Each log will be composed of multiple objects stored in a Swift container (with a predefined prefix), with each object being a subset of the logging information. The entire log will be reconstructed by concatenating the objects in the container that pertain to the specified log; order can be determined by examining the object metadata for each object, or simply by alphabetically sorting the objects by filename (assuming a suitable naming convention). The prefix will be generated by using a know pattern. All the corresponding files can then be retrieved from Swift using this prefix. The suggested prefix will be: ‘%(instance_id)s/%(datastore)s-%(log)s/’


Each log will store a metadata file in the container, which will have the following information associated with it:

Key Value
Log Name Name of log
Log Type SYS or USER
Log File File where data is published from
Log Hash Hash of log file
Log Size Log file size at last publish
Log Lines Log file line count at last publish

A list of all the instances with logs in the container could be viewed with the following command:

$ swift list database_logs --delimiter='/'

Response:

fa8c452e-6568-438a-9f04-b2878290fb90/

A list of all the logs for an instance could be viewed with the following command:

$ swift list database_logs --delimiter='/' --prefix fa8c452e-6568-438a-9f04-b2878290fb90/

Response:

fa8c452e-6568-438a-9f04-b2878290fb90/mysql-guest/
fa8c452e-6568-438a-9f04-b2878290fb90/mysql-guest_metafile

A list of all the actual log files associated with a specific datastore log could be viewed with the following command:

$ swift list database_logs --delimiter='/' --prefix fa8c452e-6568-438a-9f04-b2878290fb90/mysql-guest/

Response:

fa8c452e-6568-438a-9f04-b2878290fb90/mysql-guest/log-2015-11-18T21:28:09.975754

Configuration

Datastore CONF settings:

  • guest_log_exposed_logs - Used to configure which logs will be exposed by the logging component
  • guest_log_container_name - pattern used to generate the name of the contain which will hold the logs
  • guest_log_long_query_time - the time to set to identify if a query is taking a long time
  • guest_log_limit - max size (in bytes) for any chunk pushed to Swift
  • guest_log_expiry - time in seconds after which the log component is removed from the Swift container (0 for no expiry)

guest_log_exposed_logs

A guest_log_exposed_logs config value will enumerate the logs available for a datastore.
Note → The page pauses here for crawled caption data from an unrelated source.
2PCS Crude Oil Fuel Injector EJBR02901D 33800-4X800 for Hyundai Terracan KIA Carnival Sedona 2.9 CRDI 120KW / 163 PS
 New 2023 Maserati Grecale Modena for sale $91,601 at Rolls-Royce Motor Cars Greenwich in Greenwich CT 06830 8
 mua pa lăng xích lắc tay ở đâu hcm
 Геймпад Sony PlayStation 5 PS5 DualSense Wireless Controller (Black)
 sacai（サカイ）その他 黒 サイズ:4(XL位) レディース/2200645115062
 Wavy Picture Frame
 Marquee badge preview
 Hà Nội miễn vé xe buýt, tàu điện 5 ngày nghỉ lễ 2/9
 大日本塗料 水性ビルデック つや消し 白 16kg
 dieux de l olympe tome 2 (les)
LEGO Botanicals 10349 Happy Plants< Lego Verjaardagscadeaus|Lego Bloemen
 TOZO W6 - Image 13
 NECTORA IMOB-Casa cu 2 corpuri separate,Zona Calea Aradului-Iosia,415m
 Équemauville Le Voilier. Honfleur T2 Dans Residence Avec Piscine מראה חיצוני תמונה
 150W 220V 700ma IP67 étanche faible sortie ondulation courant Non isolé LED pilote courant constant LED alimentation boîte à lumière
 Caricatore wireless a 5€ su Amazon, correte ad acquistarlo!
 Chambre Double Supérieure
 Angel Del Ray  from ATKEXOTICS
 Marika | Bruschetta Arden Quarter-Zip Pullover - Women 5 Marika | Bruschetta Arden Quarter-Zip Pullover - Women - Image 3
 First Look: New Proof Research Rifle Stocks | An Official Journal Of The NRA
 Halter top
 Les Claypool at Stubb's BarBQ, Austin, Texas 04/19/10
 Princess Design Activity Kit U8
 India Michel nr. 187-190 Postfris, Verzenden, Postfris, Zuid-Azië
By default, the guestagent log would be supported by all datastores plus any other logs defined and supported by the datastore’s guestagent manager.

Excerpt from trove-guestagent.conf:

guest_log_exposed_logs = error,guest,slow_query,general

Any USER log not mentioned in the guest_log_exposed_logs list will be disabled by default. A special value of “ALL” will enable all logs supported by the guest agent manager.

An admin user will always be able to see all the logs, and to publish and view the contents, regardless of whether they are ‘exposed’ or not.

guest_log_container_name

The name of the container used to store log components can be specified in the configuration file.

Excerpt from trove-guestagent.conf:

guest_log_container_name = database_logs

The value shown above is the default value.

guest_log_long_query_time

The amount of time to set for ‘slow_query’ logging. This value is datastore specific, and may mean different things for different datastores. For example, MySQL has a slow query log that these queries are written into, whereas PostgreSQL would use the field to decide what queries to write into its general log.

Log Rotation

Many systems will use log rotation to ensure that logs do not exceed the amount of available disk space on a system. At any point in time, the current log file could be renamed to “<logfile>.1” (or some other name) and a new log file started for ongoing log messages.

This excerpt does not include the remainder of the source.